### Task
Write out again, unchanged, the line that has "Pets Alive Smitten Kittens" and each following line through the end of the entries below; leave pictures out.

(Scraped caption text data)
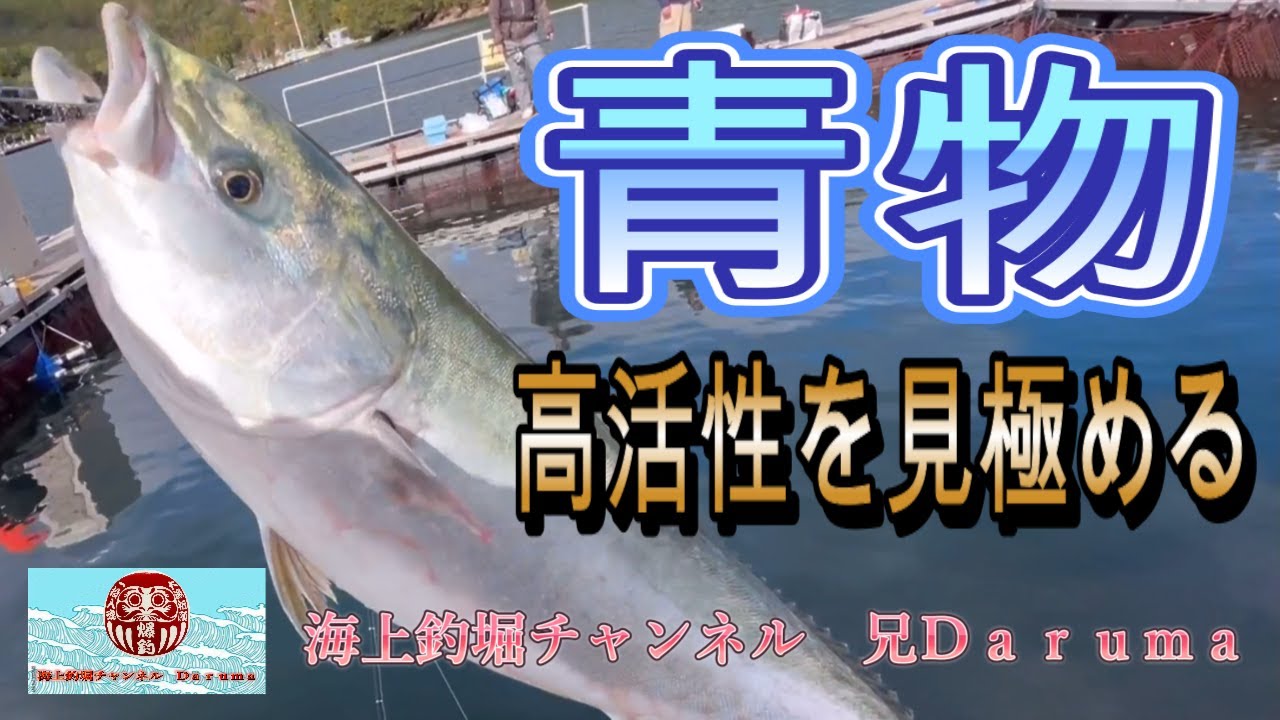 【海上釣堀】あなたに逢い鯛。11月25日（土）乗合釣行の模様です。あなたに逢い鯛。DAY＆スペシャルスーパーモーニングのダブルイベントに挑戦してきました。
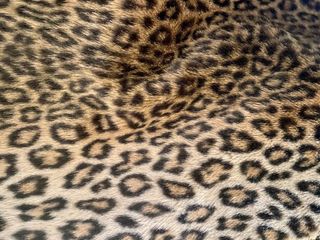 Pelliccia ecologica leopardata Yves Saint Laurent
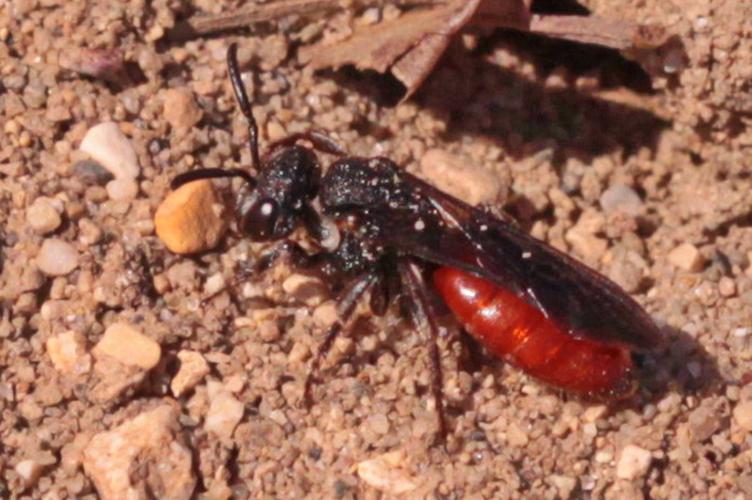 Photo de Sphecodes albilabris - (2016-03-26) © RUILLAT Christian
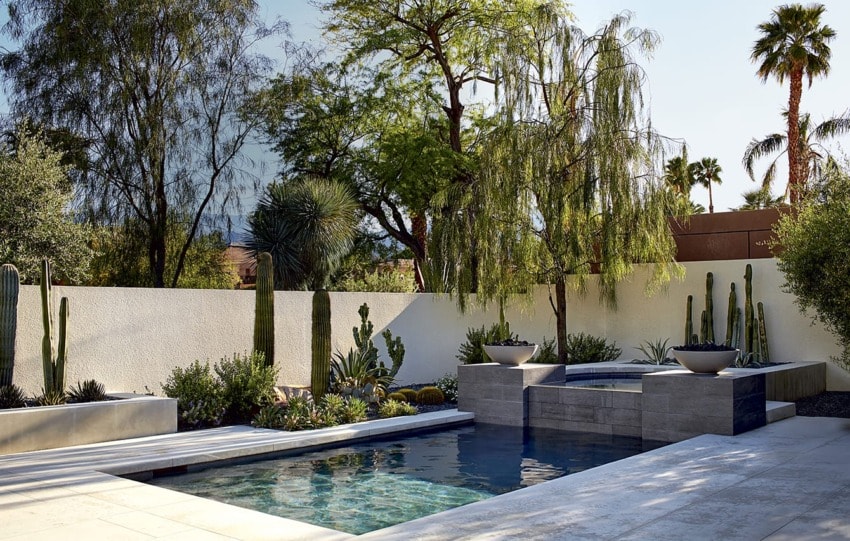 Modern backyard with a small pool, surrounded by desert plants and a concrete patio, under a clear blue sky.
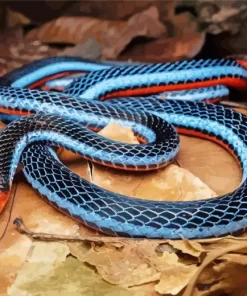 Black And Blue Snake Diamond Painting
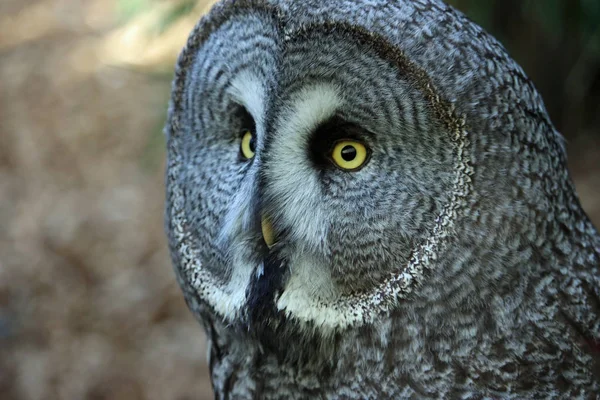 Grande Chouette Grise Strix Nebulosa Tête Cou Regardant Vers Gauche — Photo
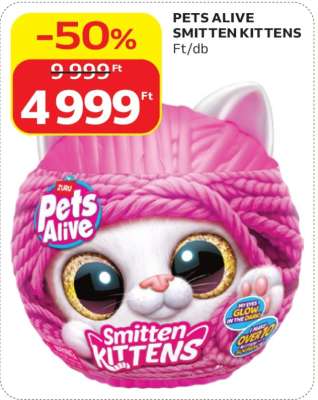Pets Alive Smitten Kittens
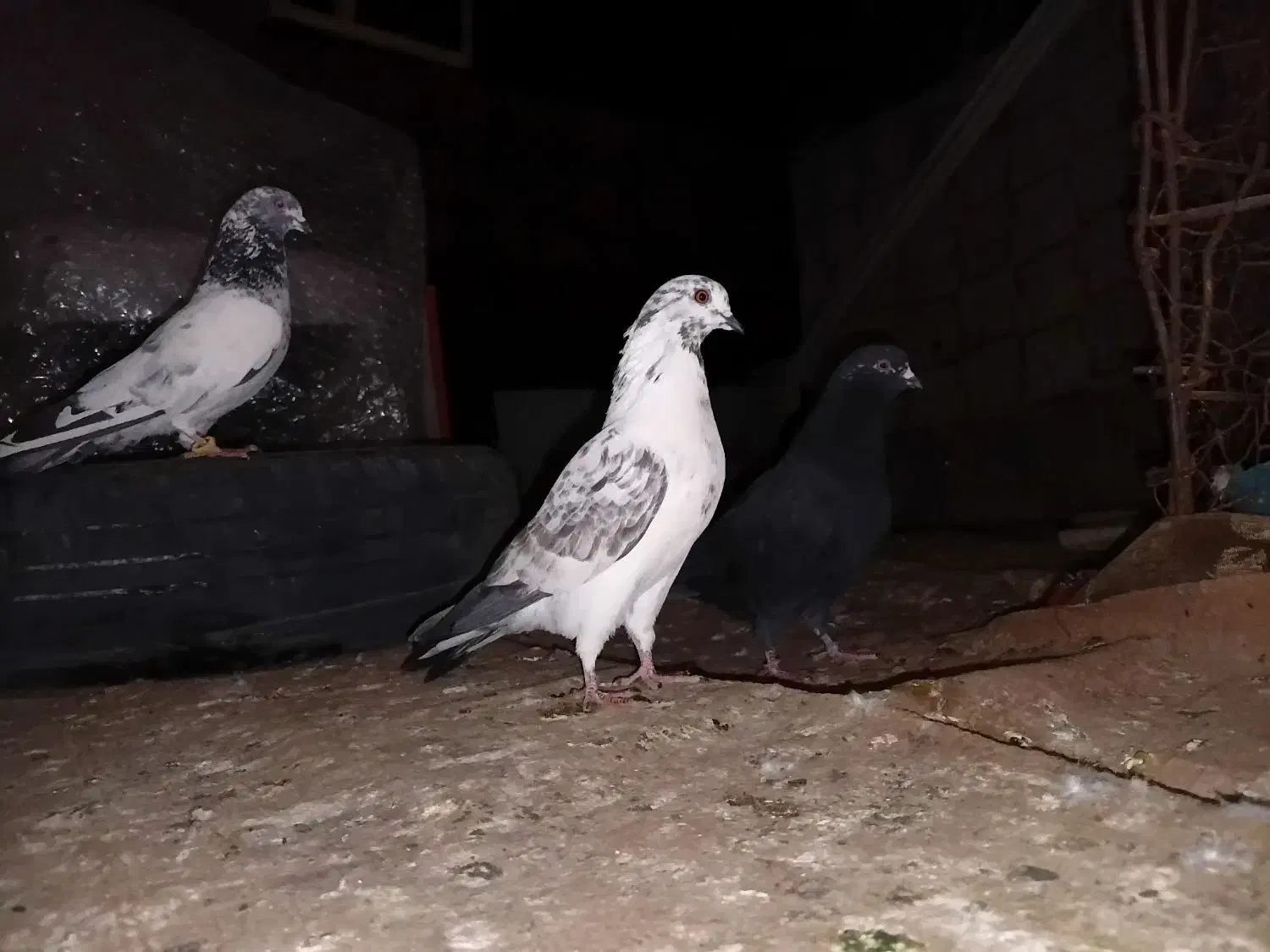 کفترپاکستانی پرشی|پرنده|ایرانشهر, |دیوار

### Response to the exercise
Pets Alive Smitten Kittens
 کفترپاکستانی پرشی|پرنده|ایرانشهر, |دیوار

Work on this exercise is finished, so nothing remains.